Mike Gundy, Oklahoma State
Ever why Gundy has stayed at Oklahoma State for so long? Well, it’s because it’s his alma mater. He was the starting quarterback for most of his four seasons, finishing his career with 49 touchdown passes and nearly 8,000 passing yards. He left as the all-time leading passer in school history and Big Eight history.
He’s now approaching two decades as the OSU head coach, taking the Cowboys to a bowl game in nearly every season. While he hasn’t reached the same level as Oklahoma or Texas, he’s made Oklahoma State one of the Big 12’s most consistent programs.
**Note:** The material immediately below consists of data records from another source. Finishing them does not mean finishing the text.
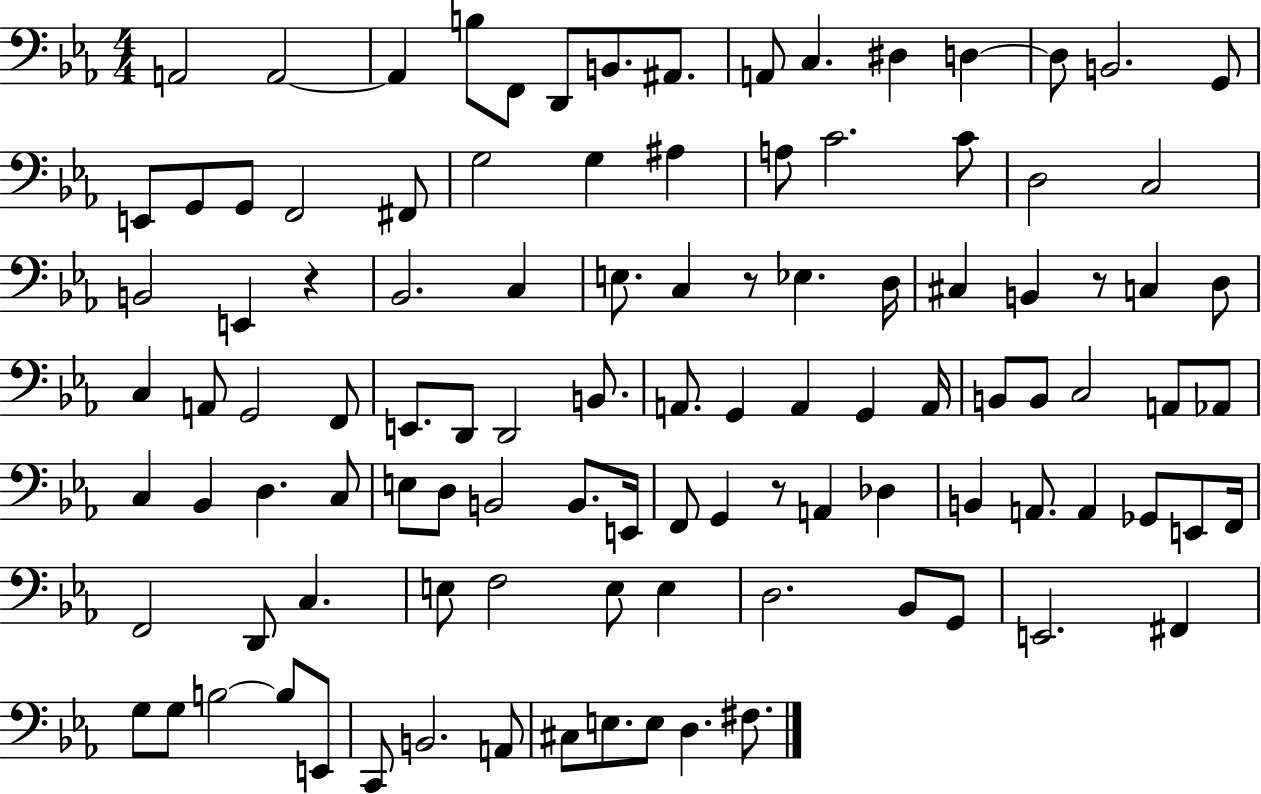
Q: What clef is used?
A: bass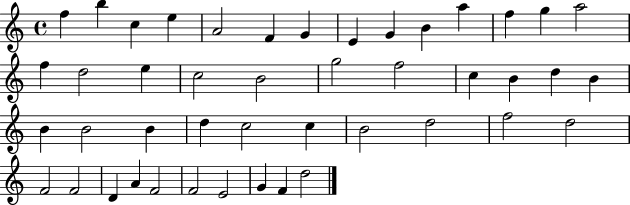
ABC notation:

X:1
T:Untitled
M:4/4
L:1/4
K:C
f b c e A2 F G E G B a f g a2 f d2 e c2 B2 g2 f2 c B d B B B2 B d c2 c B2 d2 f2 d2 F2 F2 D A F2 F2 E2 G F d2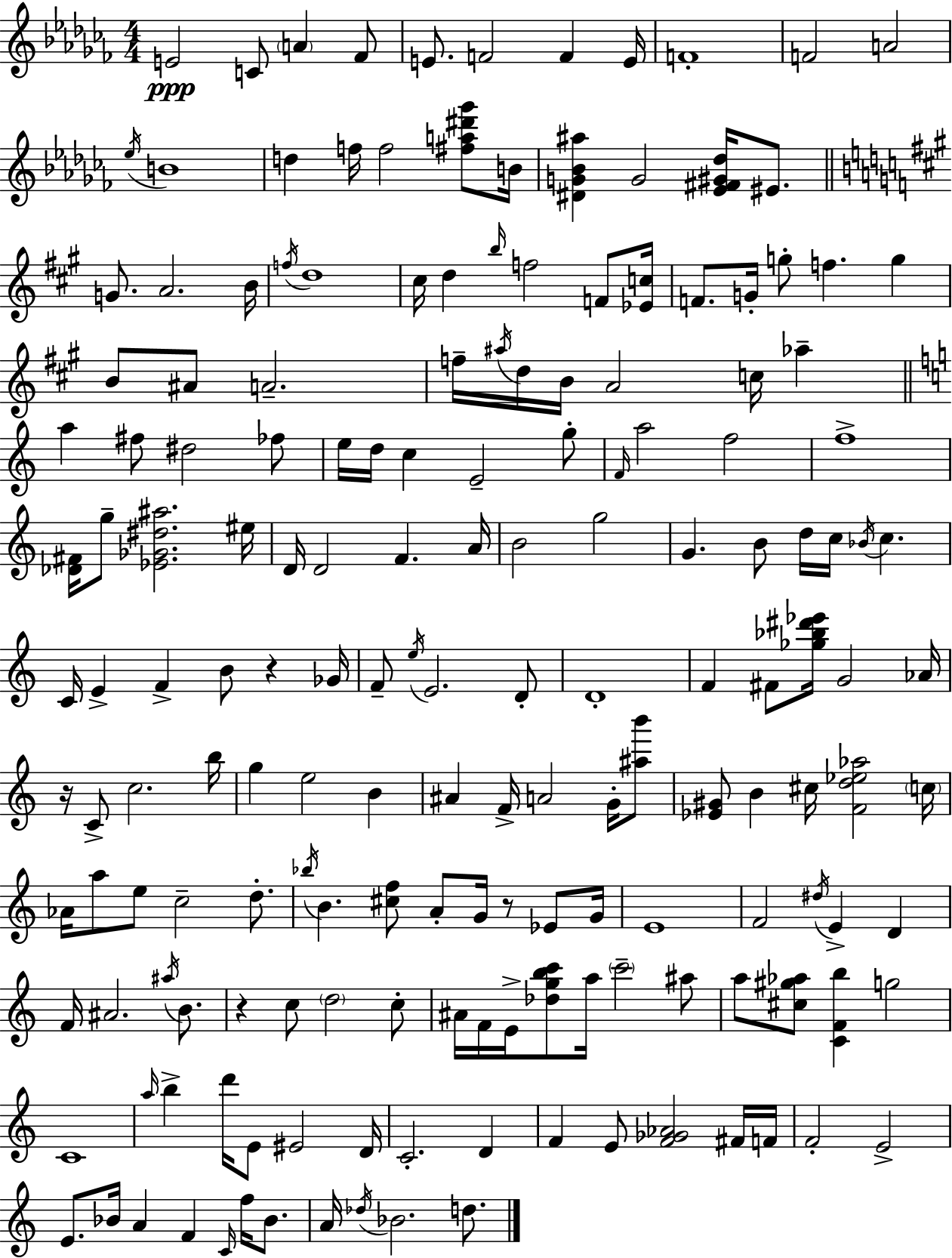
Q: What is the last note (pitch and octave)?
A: D5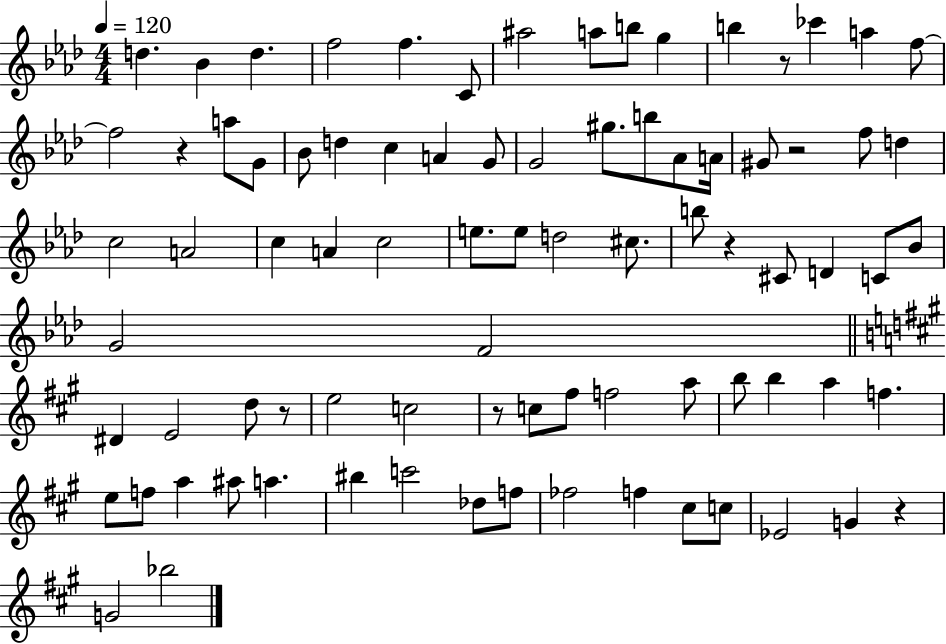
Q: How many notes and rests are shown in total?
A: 83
Pat Fitzgerald, Northwestern
Fitzgerald played for the Wildcats when they went 10-1 in 1995 and earned an improbable trip to the Rose Bowl. He was also the Big Ten Defensive Players of the Year twice. However, he’s done far more for Northwestern as a coach. He’s cultivated a successful and consistent football program at a school where academics are not sacrificed for the sake of athletics.
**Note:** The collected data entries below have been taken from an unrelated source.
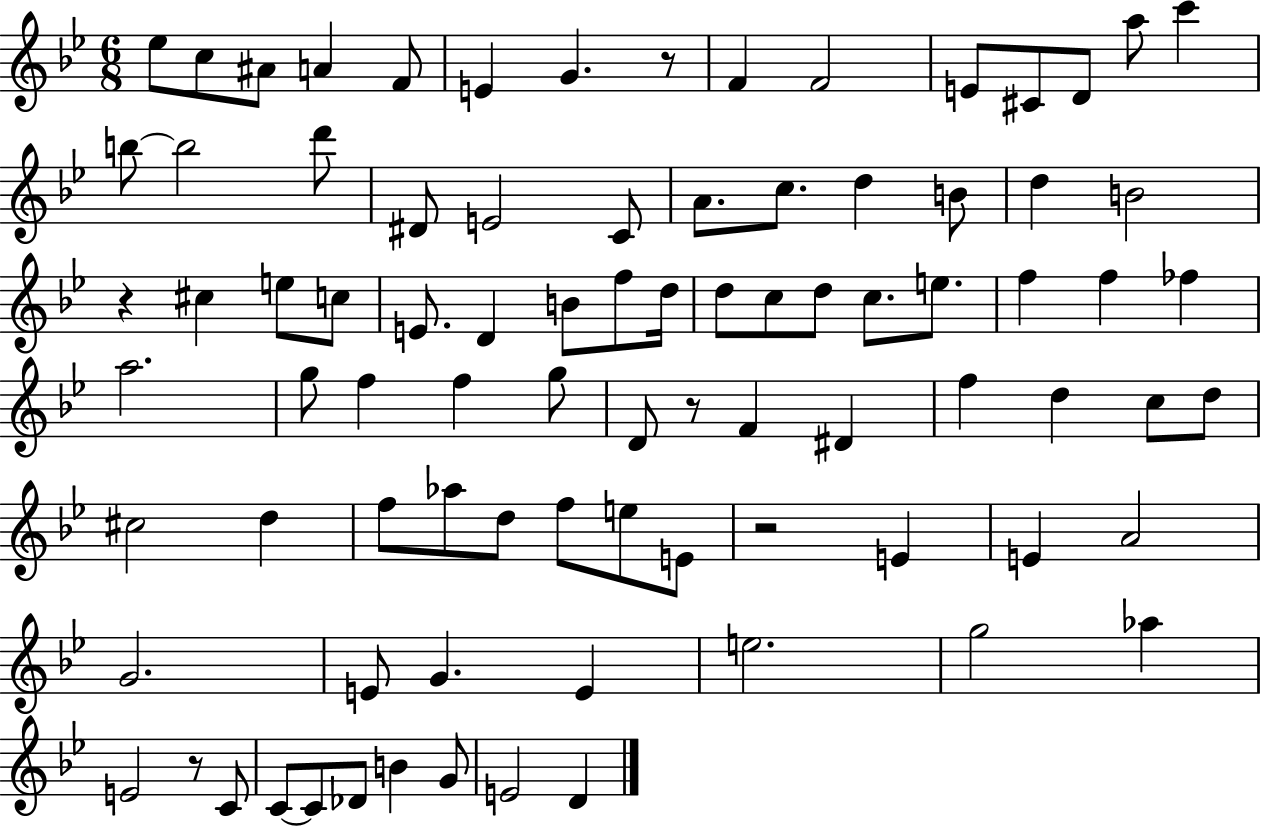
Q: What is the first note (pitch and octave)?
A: Eb5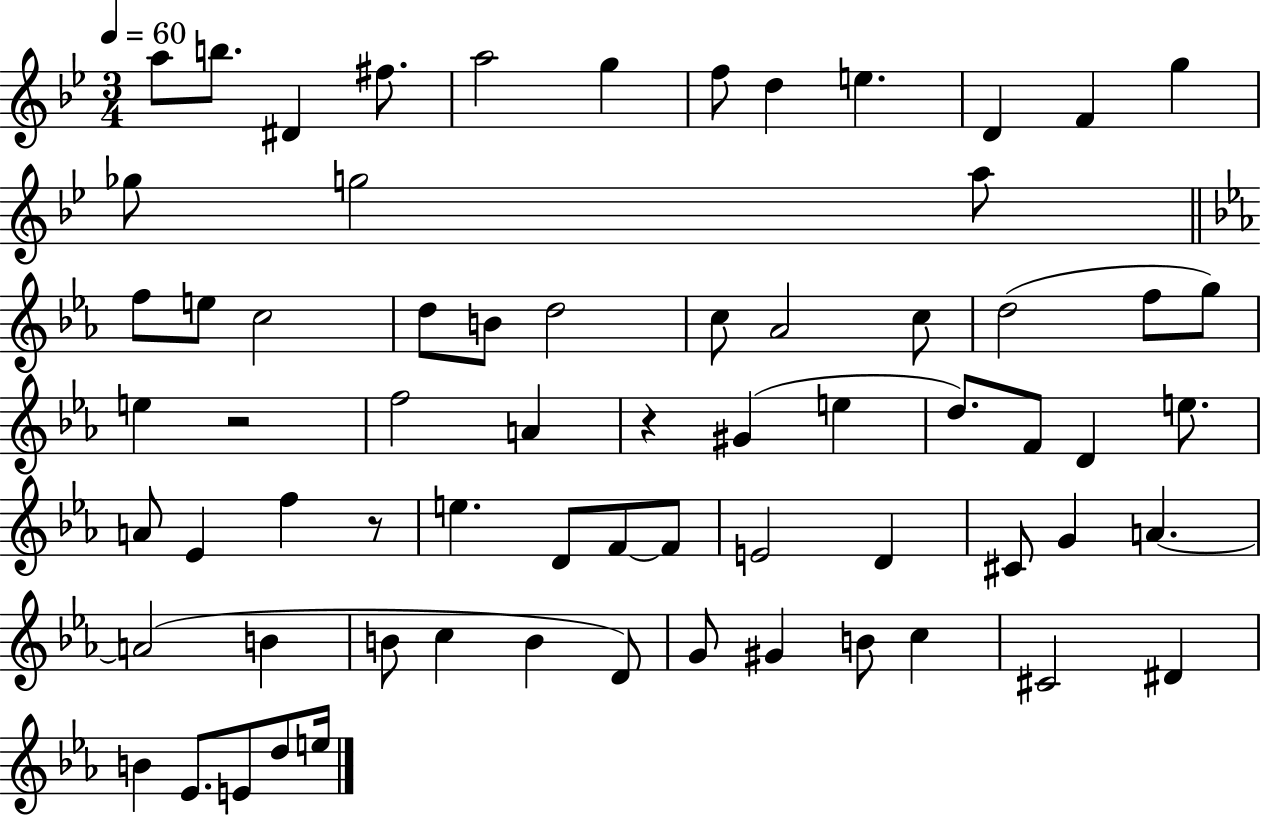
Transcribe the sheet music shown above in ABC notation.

X:1
T:Untitled
M:3/4
L:1/4
K:Bb
a/2 b/2 ^D ^f/2 a2 g f/2 d e D F g _g/2 g2 a/2 f/2 e/2 c2 d/2 B/2 d2 c/2 _A2 c/2 d2 f/2 g/2 e z2 f2 A z ^G e d/2 F/2 D e/2 A/2 _E f z/2 e D/2 F/2 F/2 E2 D ^C/2 G A A2 B B/2 c B D/2 G/2 ^G B/2 c ^C2 ^D B _E/2 E/2 d/2 e/4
He’s made the Wildcats a perennial bowl participant and a team that nobody is surprised to see in the top-25, which is an amazing accomplishment at Northwestern.
Paul Chryst, Wisconsin
Chryst was nothing special as a player, but he’s taken the Badgers to another level since taking over at his alma mater in 2015. Wisconsin has become the team to beat in the Big Ten West and is getting accustomed to playing in major bowl games and being a top-10 team.
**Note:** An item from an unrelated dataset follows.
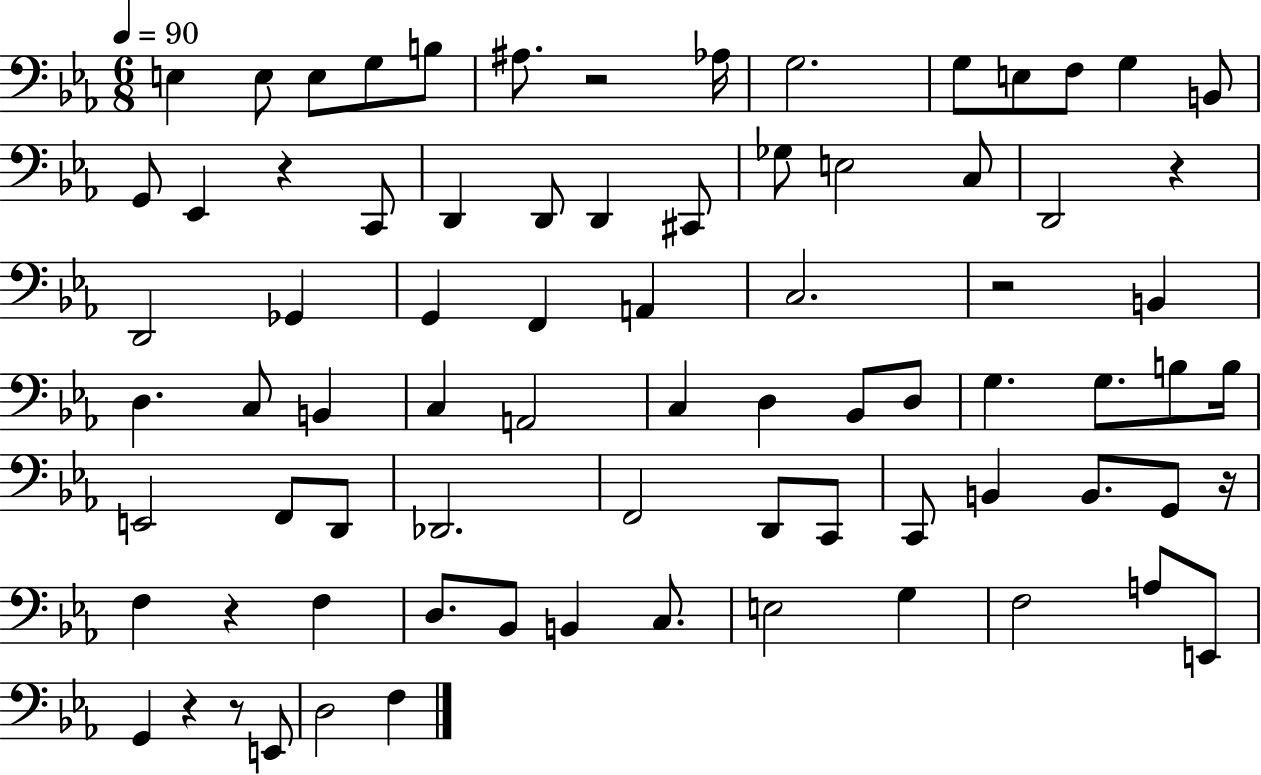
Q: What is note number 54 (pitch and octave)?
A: B2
The Badgers haven’t quite reached the level of being a serious national championship contender year after year, but Chryst is certainly building toward making that happen.
Kirby Smart, Georgia
Unlike most SEC coaches, Smart was an all-conference player in the league as a player. As a defensive back, he snagged four career interceptions for the Bulldogs. Since taking over as the head coach at his alma mater, he’s made Georgia one of the nation’s elite programs.
The Bulldogs have come painfully close to winning the national championship and Smart is poised to do that at his alma mater sooner or later.
David Shaw, Stanford
Few college coaches have as difficult of a job as Shaw. However, he’s motivated to succeed because he coaches at the school where he was a three-sport athlete.
While he had the fortune of following Jim Harbaugh’s success at Stanford, Shaw kept the Cardinal as a top-20 program and perennial Pac-12 contender for nearly a decade after taking over as head coach. That’s not easy to do at Stanford by any stretch of the imagination.